1. CARB Appears Committed to the LCFS

While California’s Cap-and-Trade Program attracts the lion’s share of attention in the trade press, CARB may view the LCFS as an equally important greenhouse gas (GHG) emissions reduction measure. According to CARB, the Cap-and-Trade Program’s traditional role in the state’s overarching scheme has been to backstop GHG reductions, not drive them. Under this interpretation, the Cap-and-Trade Program has acted as an insurance policy guaranteeing the state’s GHG emissions reduction trajectory via operation of the program’s hard cap in the event that other, more direct emissions reduction measures fail to achieve expected reductions (e.g., the Renewables Portfolio Standard, Advanced Clean Car Standards, Title 24 Energy Efficiency Standards, the LCFS, etc.).

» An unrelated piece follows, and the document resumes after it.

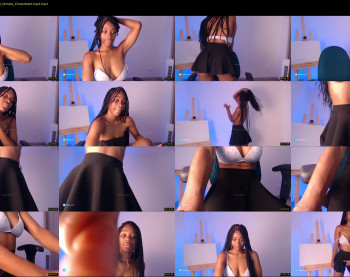 duna_du — 50 minute Chaturbate female cam show recording, 720p, Oct 5, 2021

However, given the stringency of the state’s GHG emissions reduction target for 2030 (40% below 1990 emission levels), CARB acknowledges in the 2017 Scoping Plan Update that the post-2020 Cap-and-Trade Program would need to deliver 236 million metric tons of carbon dioxide equivalent (MTCO2e) of reductions from 2021 to 2030. While the Cap-and-Trade Program largely seeks out the lowest-cost ways to reduce GHG emissions across the Californian economy, direct emissions reduction measures are more targeted and more costly. Nonetheless, CARB is relying on the LCFS to hasten the commercialization and deployment of alternative fuels, primarily renewable electricity for plug-in electric vehicles (PEVs). The LCFS also may be critical to the state’s efforts to meet federal ozone standards, since the Program indirectly regulates traditional criteria, such as emissions associated with gasoline and diesel combustion.

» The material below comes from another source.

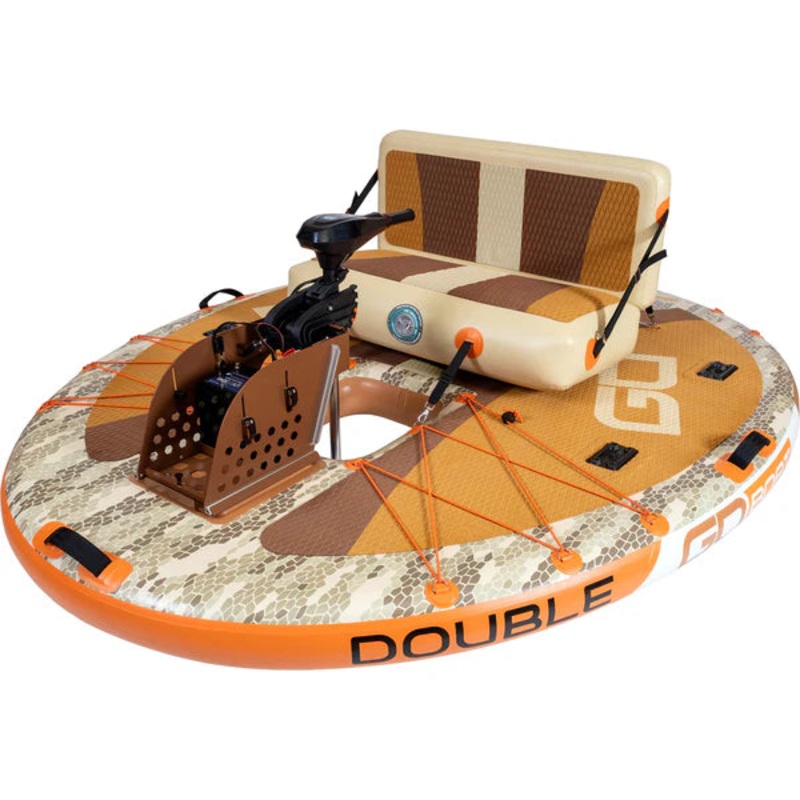 GO BOAT FISH DOUBLE W MOTOR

2. CARB Softens, Then Strengthens Carbon Intensity Reduction Targets

On March 6, 2018, CARB proposed to soften the carbon intensity (CI) reduction targets for 2019 and 2020. Notably, CARB had not suggested that these targets would be weakened during any of the 22 public workshops and fuel-specific working group meetings held in 2016 and 2017. Accordingly, market participants were taken by surprise, and LCFS credit prices temporarily dipped in response. LCFS credit market observers had been projecting increasing credit prices to go along with more stringent CI reduction targets, largely due to concerns that sufficient volumes of alternative fuels would not materialize. Conversely, CARB proposed a more stringent CI reduction target of 20% for 2030, a figure significantly higher than the 18% the market had anticipated. The table below summarizes previous and current reduction targets.

3. The LCFS’ Soft Price Cap Could Be Tested Soon

The LCFS includes a credit clearance market (CCM) whereby regulated parties can purchase credits from other market participants to eliminate credit shortfalls. In the event of a credit shortfall, an inflation-adjusted credit price ceiling of US$200 would apply. CARB would publish the names of entities participating in the CCM, including the number of credits that each participating entity must buy or sell, raising the possibility that regulated parties would avoid the CCM for fear of revealing their market position to counterparties. As such, market participants have long expressed concern about the CCM’s ability to cap prices effectively, noting its potential to distort the LCFS credit market in ways CARB had not envisioned.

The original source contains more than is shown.